Cabinet ministers are today expected to finalise plans to introduce quarantine hotels in the UK.
Travellers arriving into the country from selected destinations would be required to complete their quarantine under strict supervision, paying up to £1,500 for their 10-day isolation period.
Quarantine hotels, or ‘directed isolation’ facilities, are already in use across Asia, New Zealand and Australia. But how might the idea work in the UK, and which arrivals would have to comply? Here’s what it could look like.
What is a quarantine hotel?
Travellers are confined to their rooms or apartments for the duration of their quarantine: usually 10-14 days, or until they have received two negative test results.
Guests must not leave their rooms, nor accept visitors – and even visiting the hotel’s communal areas is off-limits. Food is delivered directly to rooms, cooked either by the hotel or from a local takeaway service. If in-room facilities allow, guests may also prepare their own meals.
Any breaches usually carry a hefty fine: in Australia, the penalty is A$20,000 (£11,300). It is not known what the UK’s penalty would be, but self-isolation breaches currently entail a fine of at least £1,000.
Government officials were last week ordered to study New Zealand’s policy of “directed isolation”. However, a Number 10 source said the report was “speculation” and that the UK Government was often looking at other countries’ approaches in tackling the pandemic.
A Department for Transport spokesperson said: “We have shown we are prepared to take decisive action at the border where we believe it will aid our fight against coronavirus and protect the rollout of the vaccine. We keep all measures under review.”
Who would have to stay in a quarantine hotel?
Both foreign nationals and British citizens alike would likely be required to quarantine in the hotels.
However, The Telegraph understands that Transport Secretary Grant Shapps is resisting proposals for all arrivals to be subject to hotel quarantine. Mr Shapps wants to limit the measure to passengers from only “high risk” countries in which variants of Covid have emerged.
Ministers have already banned travel from Portugal and South American countries, amid fears over a new variant of the virus.
What are the quarantine requirements now?
The UK’s ‘travel corridor’ system has now been suspended, so all arrivals into the UK must quarantine. While initially this is a ten-day requirement, travellers in England may take a test on the fifth day of isolation – and end their isolation if a negative test result is received.
This is in addition to the negative result required to enter the UK.
Currently, all UK arrivals must quarantine at a fixed address: at home, with a relative or friend, or in a hotel or self-catering property. Any hotel is sufficient, though most of the country’s hotels are currently closed.
Which hotels would be used – and where would they be?
In countries where ‘directed isolation’ currently takes place, travellers are transported by bus from airports and arrival points, directly to dedicated hotels. Only large, self-contained properties are suitable for the task: often part of chains, like the Conrad Centennial Singapore (operated by Hilton), and Four Points by Sheraton Auckland (operated by Marriott).
They are usually close to airports and transport hubs, with dwellings of various sizes. Apartment hotels are particularly popular, enabling families to isolate together – often with self-contained cooking and washing facilities.
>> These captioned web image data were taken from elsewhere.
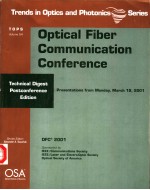 TOPS VOLUME 54 OPTICAL FIBER COMMUNICATION CONFERENCE TECHNICAL DEGEST POSTCONFERENCE EDITION PRE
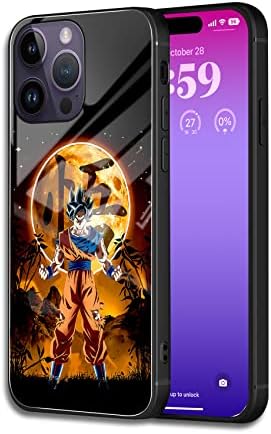 Fykkicycss stakleni telefon za telefon za iPhone anime pupullar dizajn sjajni zaslon s tvrdom stražnjem kućištu zaslon zaštitni poklopac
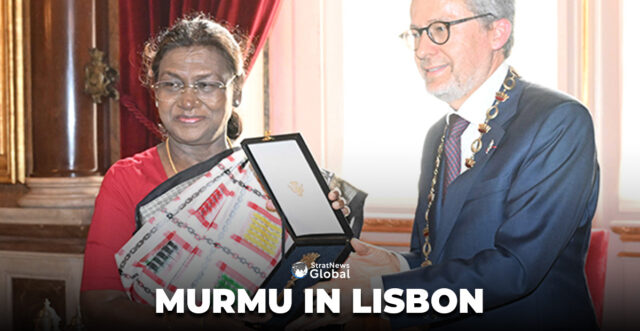 President Droupadi Murmu Receives ‘City Key Of Honour’ In Lisbon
In every instance, guests must stay entirely within their own room, suite or apartment; venturing into public areas is not permitted.
When could it happen?
The Cabinet coronavirus operations committee is meeting today, with an announcement expected this afternoon or evening.
How long would you have to stay?
All travellers would have to stay for the duration of their quarantine – so ten days (under current legislation), with the option to take a test on the fifth day under the ‘Test to Release’ scheme in England.
What could it be like?
If the Australian quarantine hotels are anything to go by, it would be a mildly claustrophobic yet largely boring experience. As Telegraph Travel’s Ronan O’Connell experienced when he returned to Perth, WA, with his family last year:
The Police who questioned us at Perth airport about our health and travel plans were firm but pleasant. The bus driver who ferried us to the Westin Hotel under police escort politely checked if my son was comfortable.
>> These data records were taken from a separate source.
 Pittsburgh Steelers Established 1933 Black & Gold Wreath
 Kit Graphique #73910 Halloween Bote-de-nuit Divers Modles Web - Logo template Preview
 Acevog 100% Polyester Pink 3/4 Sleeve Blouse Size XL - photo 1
The hotel, meanwhile, could not have been any more accommodating. On-site nurses have called our rooms several times to ask about our health. Hotel porters have cheerily delivered us breakfast, lunch and dinner, as well as meals we’ve ordered online from outside restaurants.
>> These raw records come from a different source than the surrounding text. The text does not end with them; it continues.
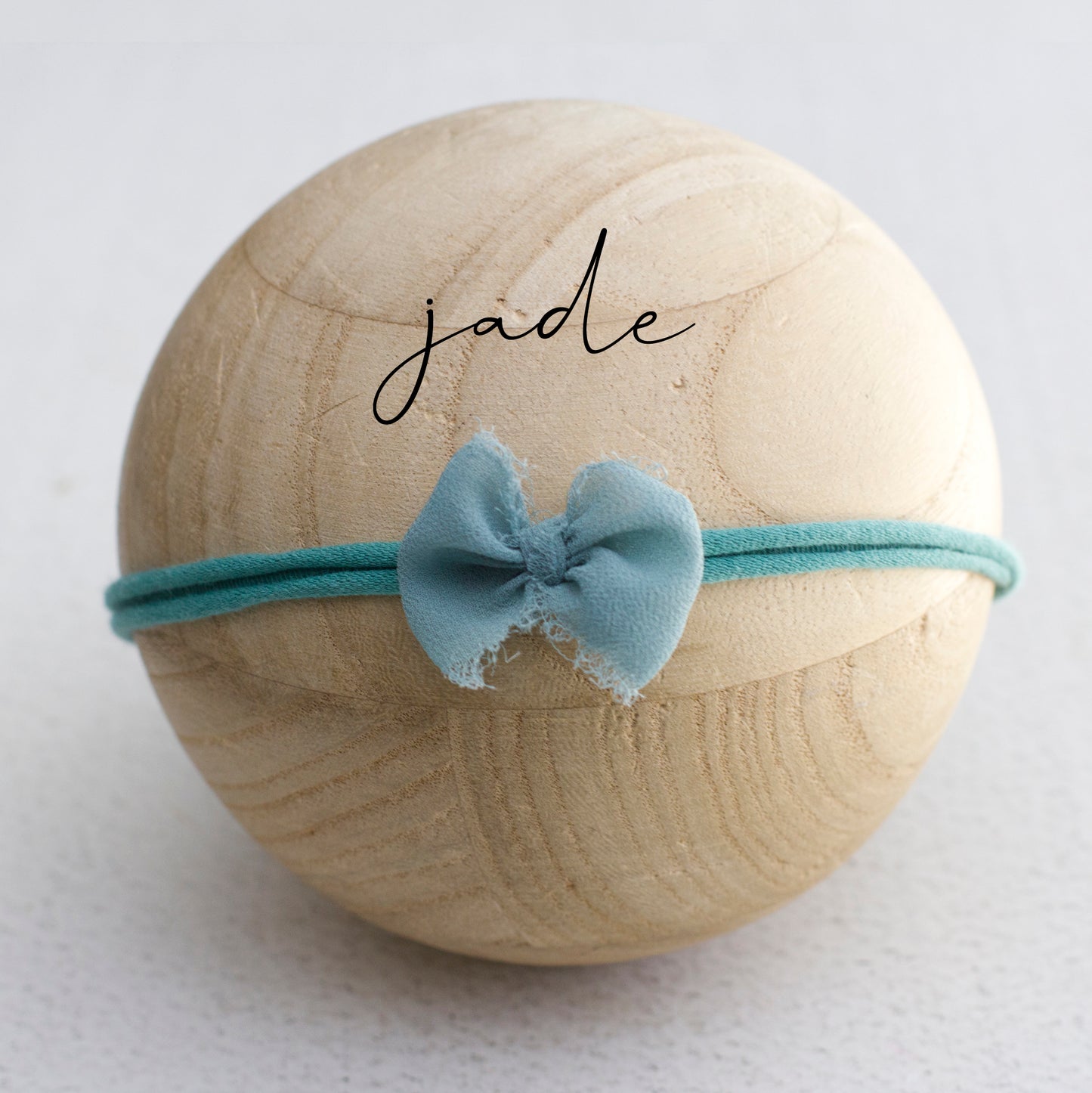 Blue | Jade Chiffon tieback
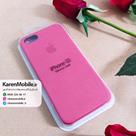 قاب گوشی موبایل iPhone 5/5s/SE سیلیکونی اصلی Silicone Case رنگ گلبهی تیره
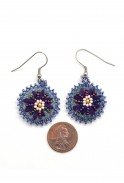 Denim Daisy Earrings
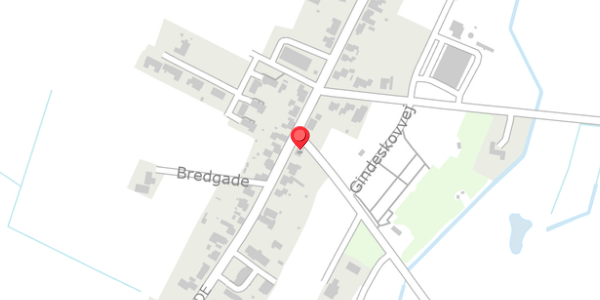 Trafikstøjkort på Bredgade 3, 7540 Haderup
The concierge even sent a bag of toys to my boy, accompanied by a note wishing him well during quarantine. Not to mention that our adjoining rooms are huge and plush. Aside from 55-inch TVs that have never been busier, our rooms’ best features are the floor-to-ceiling windows that offer distracting views across the Perth CBD.
Who would pay?
Travellers will foot the bill – and it is likely to cost up to £1,500 per person. The cost of 14 days in a quarantine hotel for an adult is £1,692 in Australia, £1,630 in New Zealand and £642 in Thailand – three countries that have introduced the measure so far.
According to reports, the UK Government is only considering plans where hotel stays would be funded by the traveller themselves – or, perhaps, their insurance policy. The Australian Government originally covered the cost of hotel quarantine, but changed its tune in July 2020: arrivals must now pay up to £1,500 for their two-week stay.